An Upper West Side doctor and his wife have been accused of writing more than 20,000 illegal prescriptions for oxycodone in a plot that authorities say pumped more than $77 million worth of the powerful narcotic into the black market.
Rogelio Lucas and his wife, Lydia Lucas, were arrested at their home on West 95th Street and are charged with fourth-degree conspiracy and 37 drug counts, prosecutors say. Lucas and his wife are accused of doling out 3.1 million doses of the narcotic in exchange for cash payments that were then sold by drug rings around the city over a 6 1/2-year period.
“Dr. Lucas is charged with being one of the city’s most prolific illegal prescribers of the black market’s favorite pill -- 30 mg oxycodone,” said Bridget Brennan, the city’s special narcotics prosecutor. “Instead of healing, doctors who routinely sign orders for unneeded narcotic drugs endanger the health and welfare of the public.

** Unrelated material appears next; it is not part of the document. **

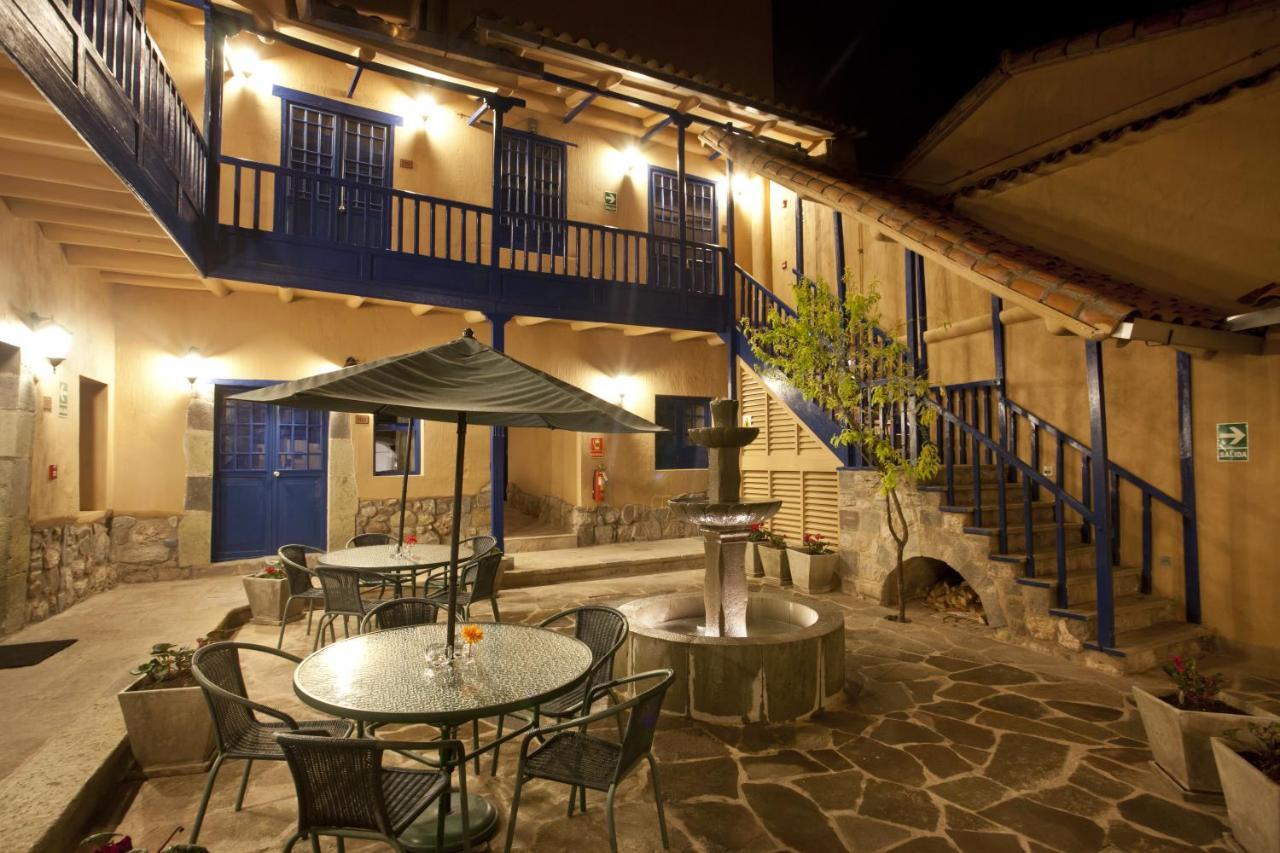 Tierra Viva Cusco Saphi Hotel Exterior foto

Corrupt doctors who exchange prescriptions for cash have stoked the epidemic of addiction gripping our region.”
Prosecutors say that until 2009, Lucas operated a family practice that catered to patients covered by Medicaid. That year, things changed, with Lucas writing prescriptions for oxycodone about 75 percent of the time. Crowds started gathering in the waiting room, prosecutors say, and Lucas relocated several times before taking up office at a building on West 101st Street.

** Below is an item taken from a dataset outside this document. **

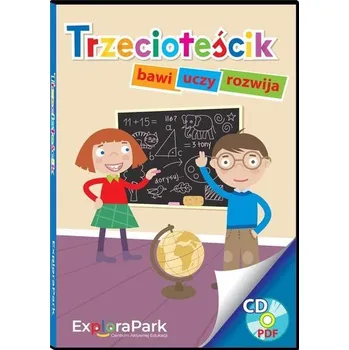 DVD film Trzecioteścik CD - praca zbiorowa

Once there, prosecutors allege, Lucas’s wife took $120 cash payments from so-called patients, who would allegedly receive prescriptions for the narcotic after a rudimentary examination.
Lucas wrote more than 23,600 prescriptions for oxycodone over the course of the conspiracy. In one year alone, Lucas’ wife deposited nearly $500,000 cash into bank accounts for the practice.
Prosecutors say that Lucas didn’t just prescribe to anyone who came to the clinic, however. The doctor allegedly refused to take first-time appointments with patients who hadn’t been referred by members of drug rings around the city.
Once a patient was approved, they would wait for more than an hour before an examination where Lucas didn’t ask about their injuries, medical history or pain, prosecutors say. Afterward, Lucas allegedly wrote prescriptions for oxycodone, which would then be filled at local pharmacies.
Prosecutors allege that the drugs were then resold on the streets. Authorities allege that several drug dealing networks around the city went to Lucas for prescriptions.
After their arrest, authorities seized more than $600,000 cash from the couple’s second home in Scarsdale.
Attorney information for Lucas and his wife wasn’t immediately available. Both pleaded not guilty at their arraignment Thursday. Neither has a criminal record.
Lucas' arrest comes about six months after federal authorities arrested another Manhattan doctor under similar circumstances. Dr. Moshe Mirilishvili was arrested in December after authorities alleged he wrote 13,000 illegal oxycodone prescriptions.